In Pink Bellies Lenore and her erstwhile companions, Ragamuffin and Pooty, face off against ghost hunters trying to get national coverage, mysterious soldiers determined to capture the little dead girl, and ancient gods from Taxidermy’s past who want to lock the creepy child guarder up for good. Readers also get a look into Taxidermy’s full back story, find out what really happened to Lenore’s mother, and learn that, yes, Lenore really does love cake that darn much.
I mistakenly had the idea that Lenore was an all-ages comic, so I was both shocked and thrilled at the off-the-wall humor in the first story. Nothing is sacred to Dirge, and he happily lampoons ghost hunter TV shows with the same verve as used to create a storyline with sentient bear poop. Sensitive readers probably won’t enjoy the subversively wrong comedy in Lenore as much as I did, but if your friends have ever told you that you have a weird sense of humor, I’m inclined to think this is probably right up your alley. (People always tell me I have a weird sense of humor.)
Dirge’s artwork isn’t as technically precise as some artists, but it adds the bizarre, through-the-looking-glass feel of Lenore’s story. She’s not supposed to look like a photo of a child; she’s a strange, little girl brought back from the dead. Heck, Taxidermy is wearing some sort of animal head and horns as a mask/face. Something about the style adds to the hilarity, since it’s almost like seeing a child’s drawings used to illustrate a much more adult story. What can I say? I liked it.

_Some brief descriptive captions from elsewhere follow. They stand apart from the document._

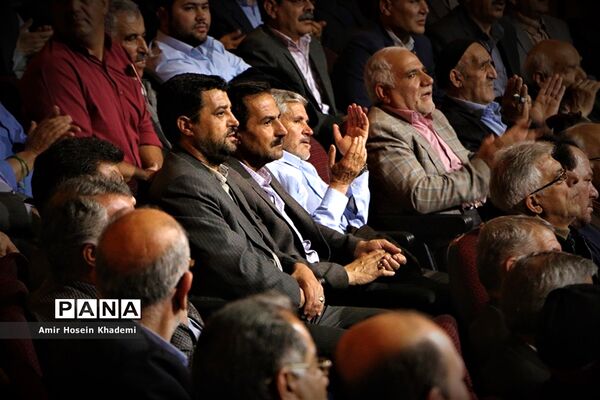 آیین تجلیل از بازنشستگان شهرداری کرج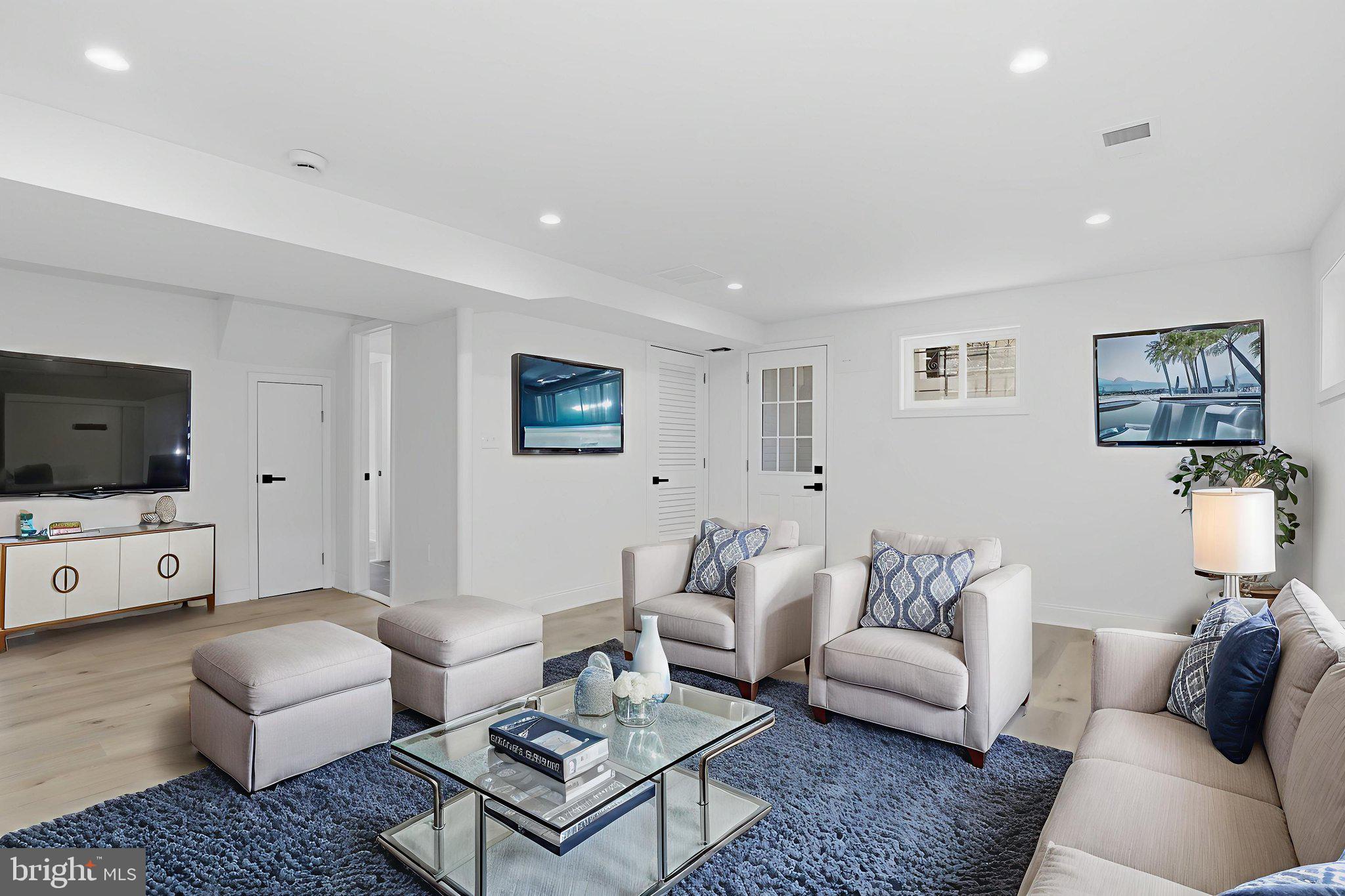 SEVEN OAKS - Residential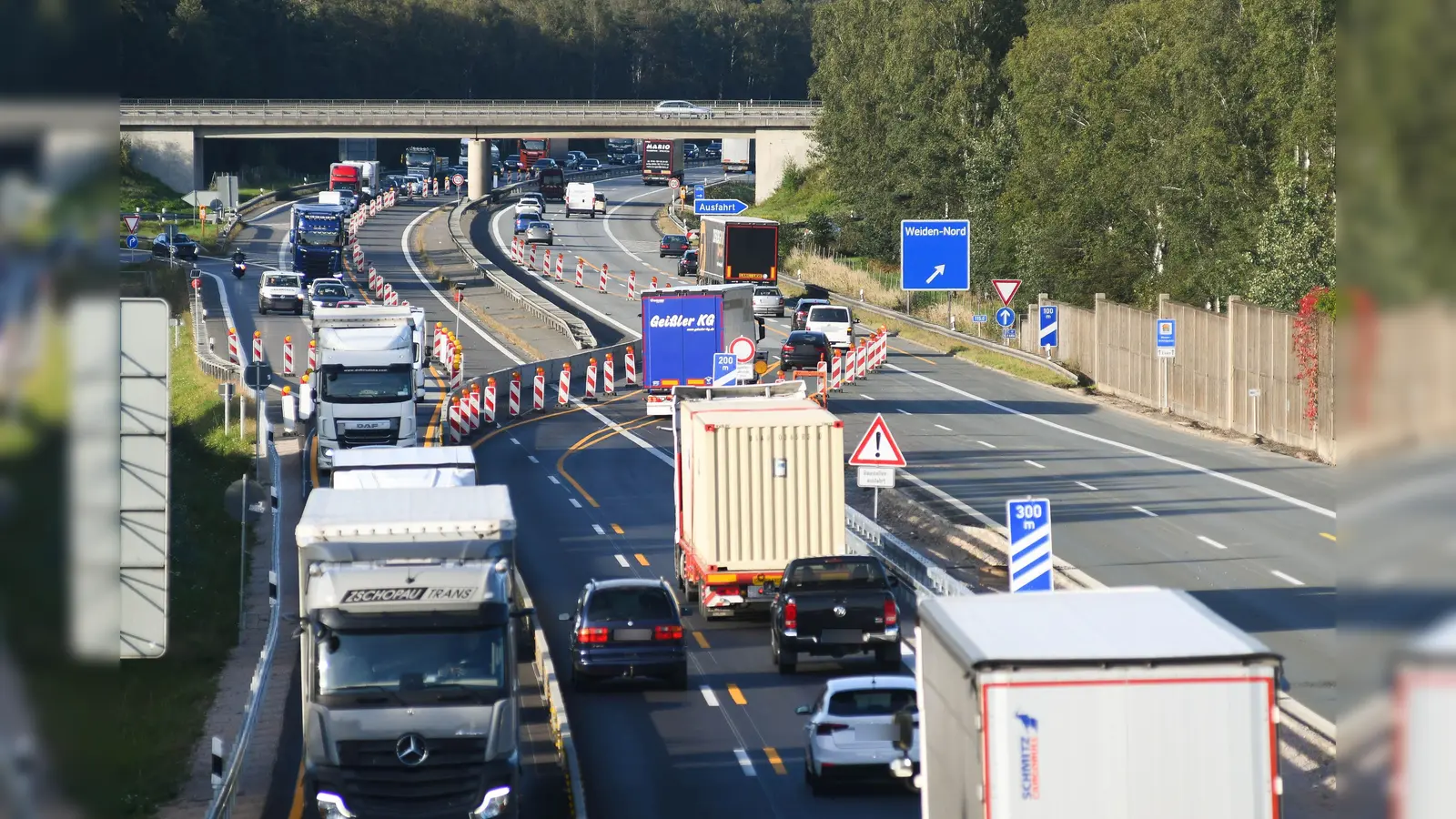 Bis Dezember geht es eng zu auf der A93 bei Weiden. Ab Montag, 9. Oktober, ist eine weitere Teilsperrung erforderlich. (Bild: Gabi Schönberger)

Lenore: Pink Bellies includes some bonus content to entice readers who collected each issue separately. This compilation includes some variant cover artwork, including commentary about the covers that were ultimately used, some Lenore artwork from other artists, and a tutorial to make Lenore hand puppets. (No, I am not making the puppet; she might eat me in my sleep or accidentally kill one of the pets!)
Overall, Lenore: Pink Bellies will appeal to a certain type of reader who may be a bit Goth in his or her tastes and loves dubiously tasteful comedy. It’s a comic about a dead kid who has adventures with a stuffed doll that sometimes turns into a vampire and a bucket headed, magical pitchfork-wielding demon after all. Just make sure you’ve eaten before reading; you might start craving cake.